Recommendation 2. The National Science and Technology Council (NSTC) should develop guidelines for agencies to implement mandatory reporting. Successful implementation requires that researchers are well-informed and equipped to navigate this process. NSTC should coordinate with agencies to establish common guidelines for all agencies to reduce confusion and establish a uniform policy. In addition, agencies should create and disseminate detailed guidance documents that outline best practice for studies reporting null results, including step-by-step instructions on how to prepare and submit null studies to journals (and their differing guidelines) or federal databases.
Conclusion
Most published research is not replicated because the research system incentivizes the publication of novel, positive results. There is a tremendous amount of research that is not published due to null results, representing an enormous amount of wasted effort, money, and time, and compromised progress and transparency of our scientific institutions. OSTP should mandate the publication of null results through existing agency authority and funding, and Congress should consider legislation to ensure its longevity.

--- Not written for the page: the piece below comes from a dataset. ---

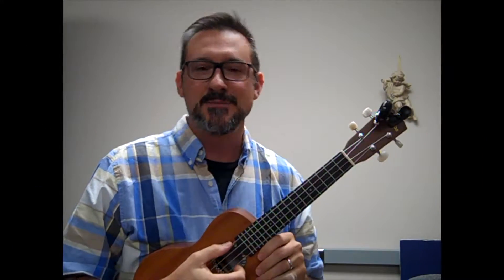Hello again, students. Here I am, Mr. Hanson, working with you with another tutorial on our ukulele.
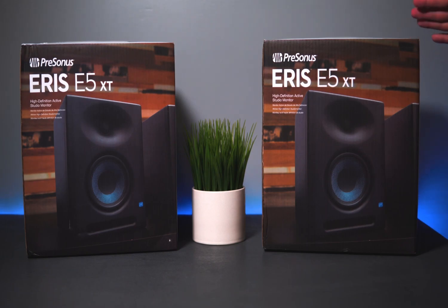We recommend the E5 XT PreSonus Studio Monitor to all sound engineers and producers.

This memo produced as part of the Federation of American Scientists and Good Science Project sprint. Find more ideas at Good Science Project x FAS
It is well understood that most scientific findings cannot be taken at face value until they are replicated or reproduced. To make science more trustworthy, transparent, and replicable, we must change incentives to only publish positive results. Publication of null results will accelerate advancement of science.
Scientific discovery is often unplanned and serendipitous, but it is abundantly clear that we can reduce the amount of waste it currently generates. By mandating outputs for all grants, we expedite a cumulative record of research, where the results of all studies are known, and we can see why experiments might be valid in one context but not another to assess the robustness of findings in different experimental contexts and labs.
While many agencies prioritize hypothesis-driven research, even exploratory research will produce an output, and these outputs should be publicly available, either as an article or by public disclosure.
Studies that produce null results can still easily share data and code, to be evaluated post-publication by the community to see if code can be refactored, refined, and improved.
The “Cadillac” version of mandatory publication would be the registered reports model, where a study has its methodology peer reviewed before data are collected (Stage 1 Review). Authors are given in-principle acceptance, whereby, as long as the scientist follows the agreed-upon methodology, their study is guaranteed publication regardless of the results. When a study is completed, it is peer reviewed again (Stage 2 Review) simply to confirm the agreed-upon methodology was followed. In the absence of this registered reports model, we should at least mandate transparent publication via journals that publish null results, or via public federal disclosure.